I have used Kano Kroil and it works amazingly well. I do not like the smell and try hard not to get any on my hands as I believe it is absorbed through your skin(I might be totally wrong about this but safety first!). I have heard about the ATF mix many times but never remember when I need it so I have never tried it.


----------



## Jimthewagontraveler

As a former employee in a transmission rebuilding plant I can so vouch for the penetrating ability of atf.
That crap gets every where.


----------



## Caribou

Here is another home formula.
CONTENTS: "Ed's Red Bore Cleaner"
1 part - Dexron ATF, GM Spec. D-20265 or later.
1 part - Kerosene - deodorized, K1.
1 part - Aliphatic Mineral Spirits CAS #64741-49-9, or substitute "Stoddard Solvent", CAS #8052-41-3, or equivalent.
1 part - Acetone, CAS #67-64-1.
(Optional 1 lb. of Lanolin, Anhydrous, USP per gallon, or OK to substitute Lanolin, Modified, Topical Lubricant, from the drug store.)

http://www.precisionweapons.com/CartGenie/EDs_Red.pdf

This is a great bore cleaner and protectant. It is worthwhile to read the entire article as it contains mixing instructions and precautions.


----------



## OldCootHillbilly

In maintenance (lotsa boiler work an plumbin) we used lotsa liquid wrench, IMHO it were good stuff. We ran out durin a major rebuild an used sumtin similar ta the ATF an acetone. Worked just as well an was cheaper. Only thin was no spray can what were handy in some tight places. We solved that when we bought a couple refillable spray cans what was charged with air.

Good post.


----------



## Tirediron

WD-40 is a water displacer, how it got classified as a penetrating oil or handy lube is a mystery to me, it is how ever an excellent honing fluid 

CRC power lube is my choice for commercial spray lube 

Brake fluid is also a decent penetrant, but it is hard on paint and not really cheap either.


----------



## mojo4

Great post!! I have some old school oil cans that you push in on the bottom to squirt out the oil and had no use for them as now 3 way oil comes with its own squirting tube so now I can use em and have it ready to go!! So if I remember acetone is paint thinner right??


----------



## hiwall

mojo4, no acetone is not the same as paint thinner.


----------



## OldCootHillbilly

Yall can buy it in the paint dept. though.


----------



## hiwall

acetone is nail polish remover.
acetone can be produced by the human body.


----------



## HamiltonFelix

In the words of Artie Johnson, "Verrrry Interresting..." (If you're not old enough to remember Laugh-In, find it on YouTube.) 

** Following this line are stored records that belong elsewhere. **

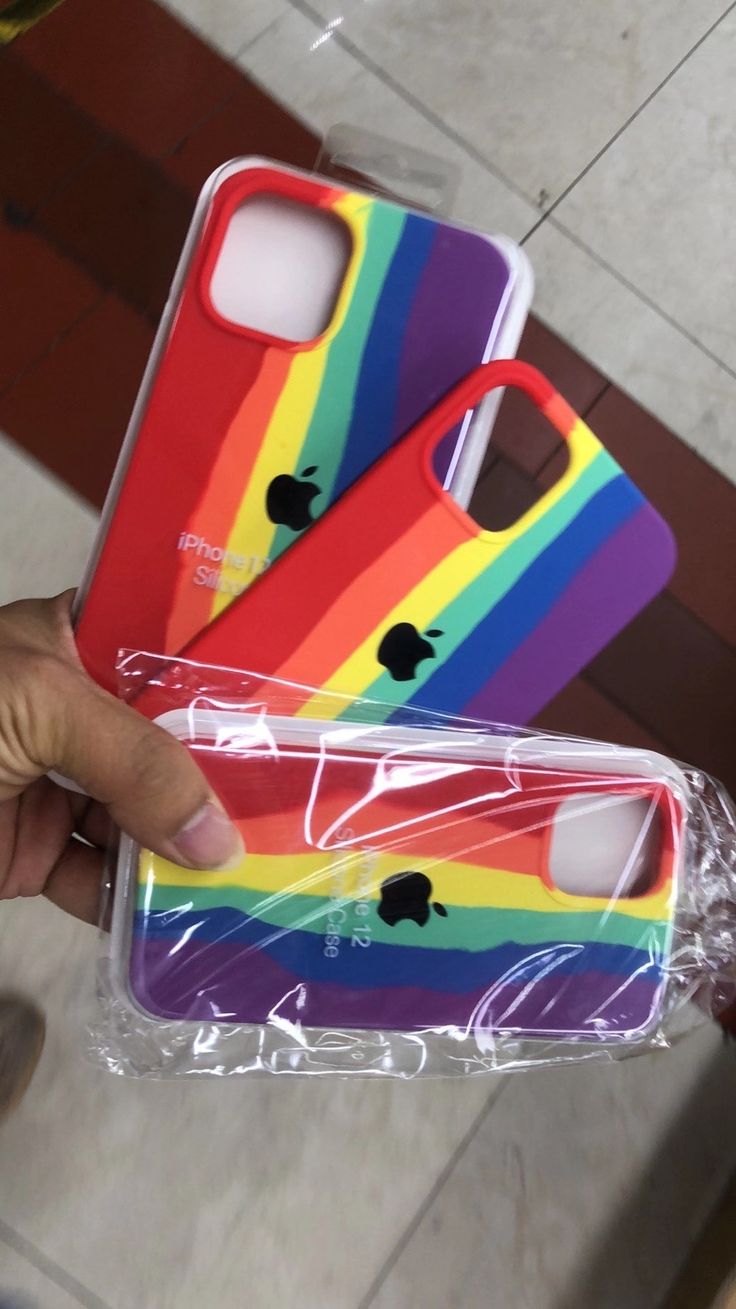 someone is holding up their iphone cases with the same colors as they are in plastic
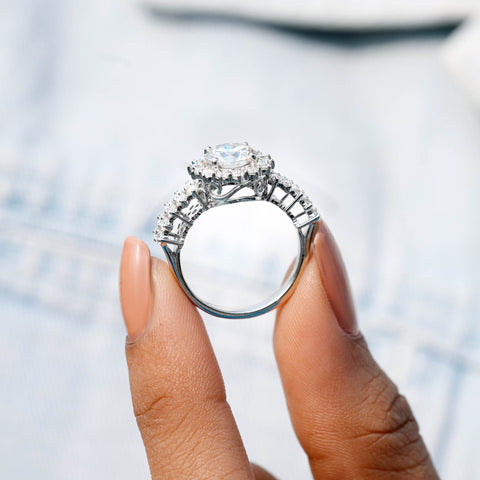Silver ring with a large diamond held by a hand against a blurred background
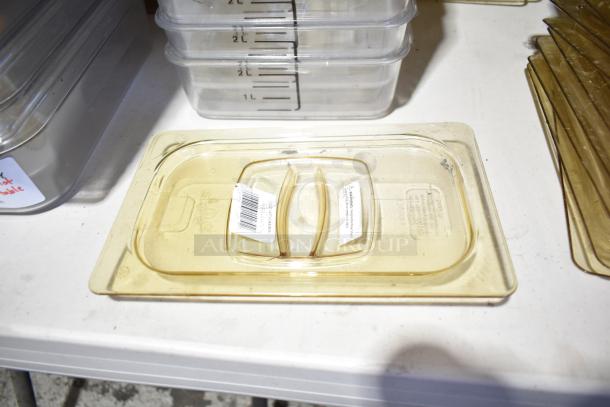 Lot of containers, drop-in bins, and lids, some with measurement markings, stacked on a table. Mixed condition.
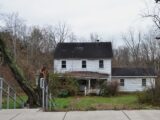 An abandoned white house surrounded by trees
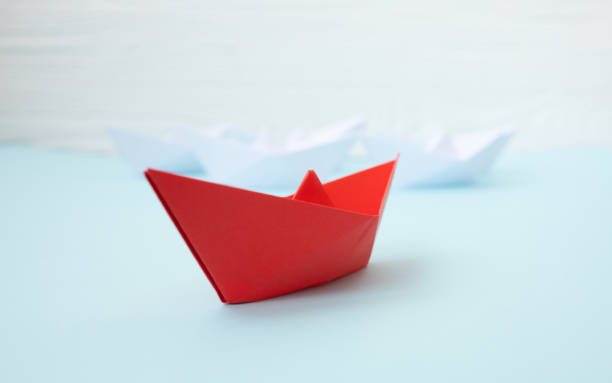 istock Paper ship on blue background. Conversation concept. 1147291170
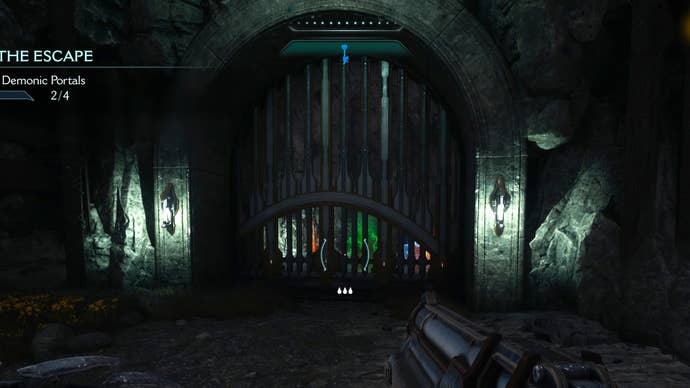 The player in Doom: The Dark Ages looks at a locked gate in Chapter 1, behind which can be seen various collectibles and pickups.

I'll have to try that ATF & acetone mix. I have both items on the place. I've used PB Blaster with pretty good success. Some wrecking yards like it. 

I use WD-40 for lots of things, because it's handy. It was invented as a water displacer (40th formula tried), but it's sort of a compromise "do it all" product. In reality, the best penetrant will not be a good lubricant or preservative. After all, phosphoric acid (the ingredient in Naval Jelly) is the stuff to cut rust, but you wouldn't want to coat things with it. 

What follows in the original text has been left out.